Navigate to this example folder and run the training script:

cd examples/fabric/tensor_parallel
python train.py

You should see an output like this:

Initializing distributed: GLOBAL_RANK: 0, MEMBER: 1/4
Initializing distributed: GLOBAL_RANK: 3, MEMBER: 4/4
Initializing distributed: GLOBAL_RANK: 2, MEMBER: 3/4
Initializing distributed: GLOBAL_RANK: 1, MEMBER: 2/4
----------------------------------------------------------------------------------------------------
distributed_backend=nccl
All distributed processes registered.

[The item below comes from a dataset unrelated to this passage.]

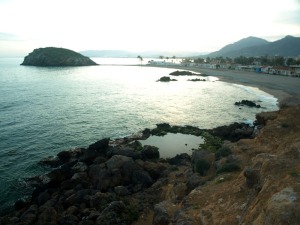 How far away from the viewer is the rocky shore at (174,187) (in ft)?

Starting with 4 processes
----------------------------------------------------------------------------------------------------

Number of model parameters: 6.7 B
Starting training ...
Iteration 0 complete
Iteration 1 complete
Iteration 2 complete
Iteration 3 complete
Iteration 4 complete
Iteration 5 complete
Iteration 6 complete
Iteration 7 complete
Saving a (distributed) checkpoint ...
Training successfully completed!
Peak memory usage: 17.95 GB
!NOTE

The ModelParallelStrategy is experimental and subject to change. Report issues on GitHub.